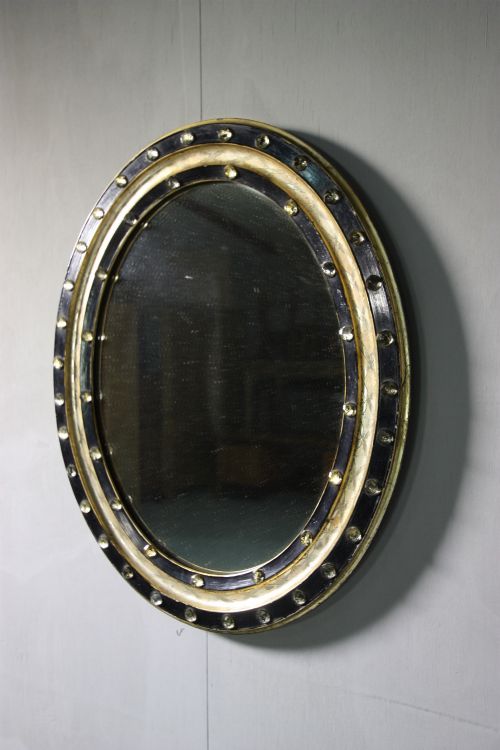 19th Century Irish Antique Gilt Mirror.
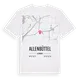 Allenbüttel karta t-shirt
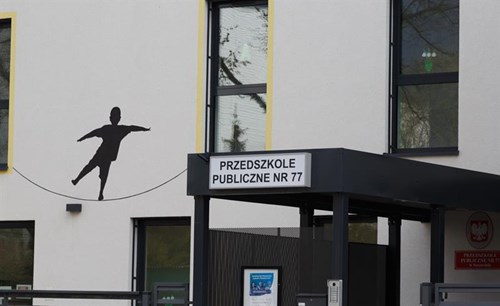 Przedszkole nr 77 przy ul. Hożej w Szczecinie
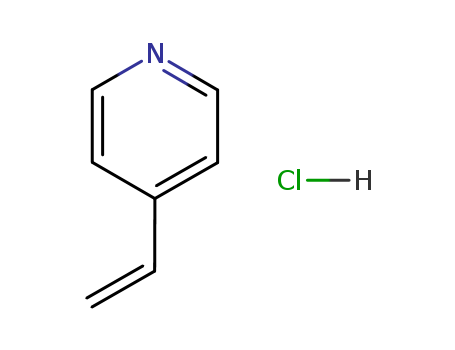Pyridine, 4-ethenyl-, hydrochloride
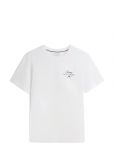 Tommy Hilfiger - Script Stack Regular Tee - L&uuml;hikeste varrukatega - XXL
- - - - -
* DESCRIPTION OF THE TASK
Set the entries down again exactly. Do not include the images.

* RESPONSE TO THIS EXERCISE
 19th Century Irish Antique Gilt Mirror.
 Allenbüttel karta t-shirt
 Przedszkole nr 77 przy ul. Hożej w Szczecinie
Pyridine, 4-ethenyl-, hydrochloride
 Tommy Hilfiger - Script Stack Regular Tee - L&uuml;hikeste varrukatega - XXL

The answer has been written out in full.